# Anyone recommend a good Tree ID book?



## BarnieTrk (Apr 21, 2009)

Although this may not be the correct forum location for this request, but.....

I'm looking for a good North American Tree ID book. 

I'd prefer the book to contain: pictures of leaves, fruit (if any), bark & limb characteristics (to use for winter ID), info whether or not it is a NA native or foreign, etc. I'd also prefer it not to be a large 'coffee table' book, rather I'd prefer a smaller, field use-style book. Less than $40 range. 

Thanks in advance for any and all suggestions!
BarnieTrk


----------



## oldirty (Apr 21, 2009)

"the easy tree guide" by keith rushford. (this is in my work backpack)
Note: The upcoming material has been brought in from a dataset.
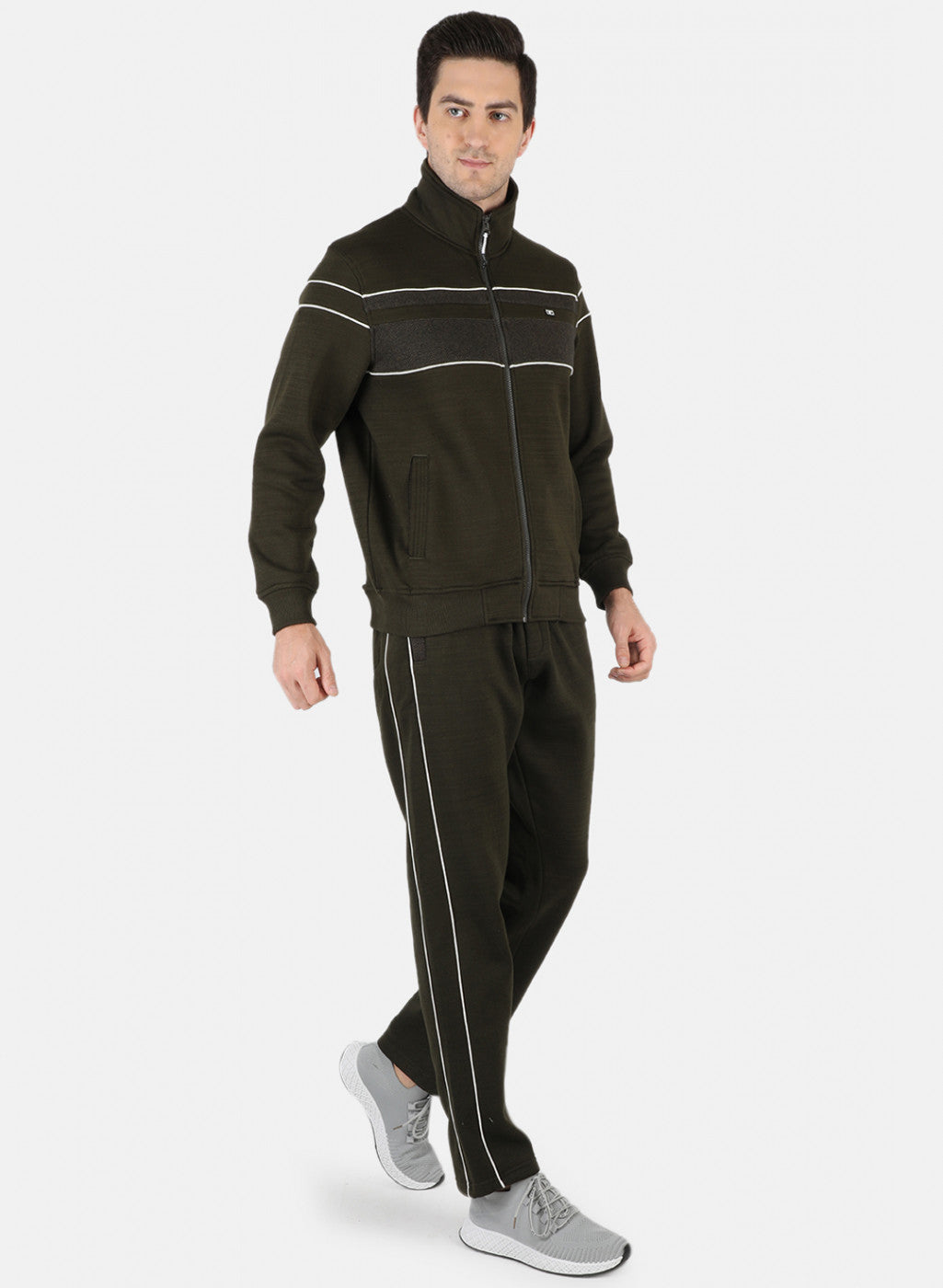 Men Olive Solid Tracksuit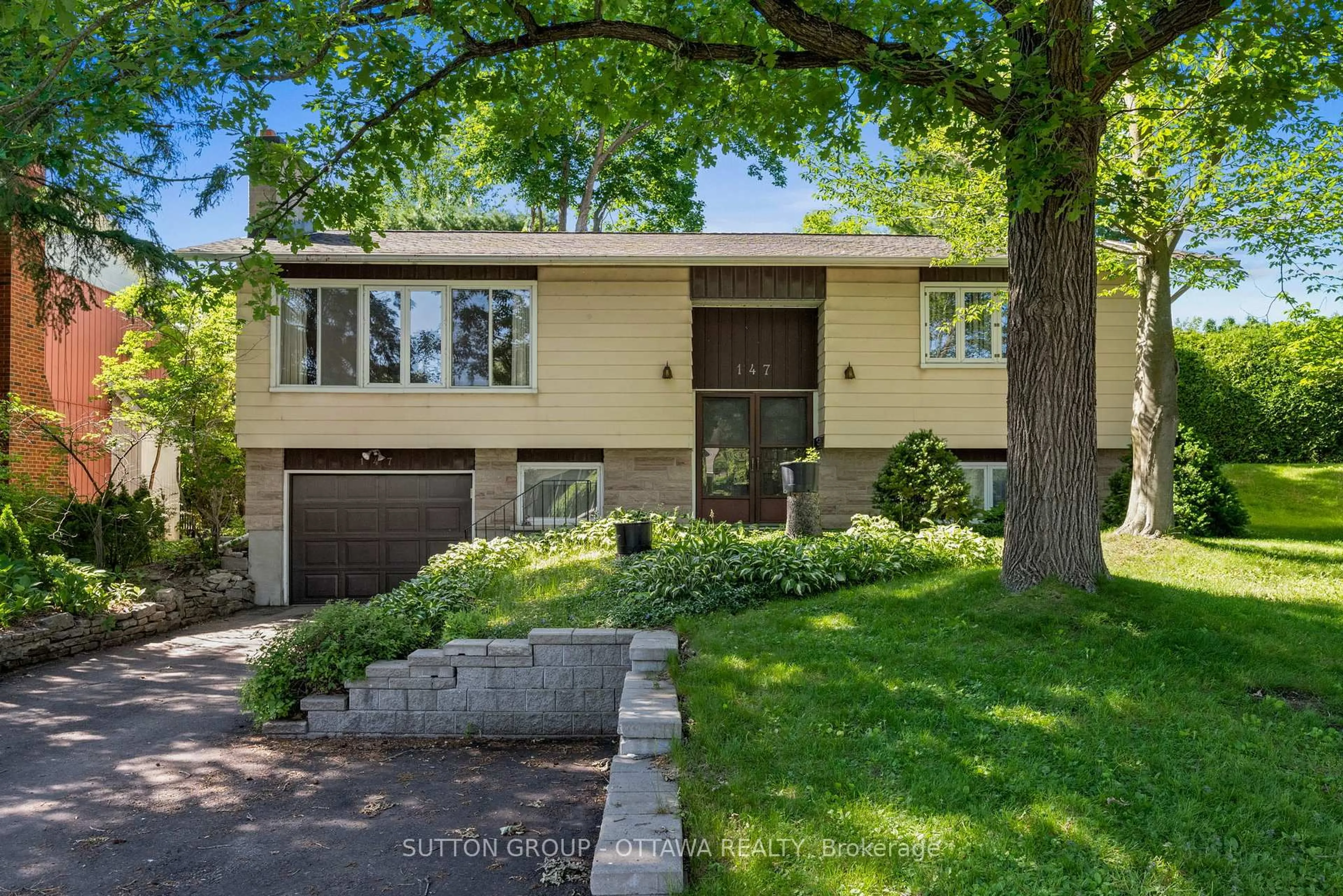 Home with vinyl exterior material, street for 147 Banning Rd, Ottawa Ontario K2L 1C5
and then there are the peterson field guides.

many more too.


----------



## BarnieTrk (Apr 21, 2009)

I appreciate the first hand advise, Oldirty!

Thanks!
BarnieTrk


----------



## treemandan (Apr 21, 2009)

oldirty said:


> "the easy tree guide" by keith rushford. (this is in my work backpack)
> 
> and then there are the peterson field guides.
> 
> many more too.



Wait, you can read? Are you sure?

I am sorry, conditioned response. For a couple of bucks you can join the Arbor Day Foudation. I am kinda surprised there isn't much mention of them around here. I have been a member for some time. Each month they send me a new edition to what they call The Library of Trees, a 4 page colored edition that fits into a 3 ring binder for one said tree. I love it. Not exactly what one might refer to as instant gratification but its cool. 
Most books only give a page , maybe a little more and often the pics suck. These monthly editions really show each tree in depth with things like history, care, and all about each tree. Lots of good ID info per edition lots of pic although the book OD mentioned is pretty nice, easy to use and quite clear.
Not only do you get the editions to the library of trees but they also give you trees themselves and do volunteer programs which my wife and I have participated in planting trees in parks.


----------



## oldirty (Apr 21, 2009)

anytime barnie!


hey dan, i love to read. love it. lol.


----------



## treemandan (Apr 21, 2009)

oldirty said:


> anytime barnie!
> 
> 
> hey dan, i love to read. love it. lol.



Ok but what is so funny about it? I forgot i wanted to get to the bookstore today. what are you reading?


----------



## tree md (Apr 22, 2009)

I carry the Peterson Field Guide in my pack. It's OK but can take a minute to find a species if you have no clue what your looking for (which is rare). I'd like to check out the Easy Tree Guide just to see if it has better pictures, lol.


----------



## ATH (Apr 22, 2009)

I haven't used a book I 'love' Peterson's is pretty good - probably best of the ones I've spent time with.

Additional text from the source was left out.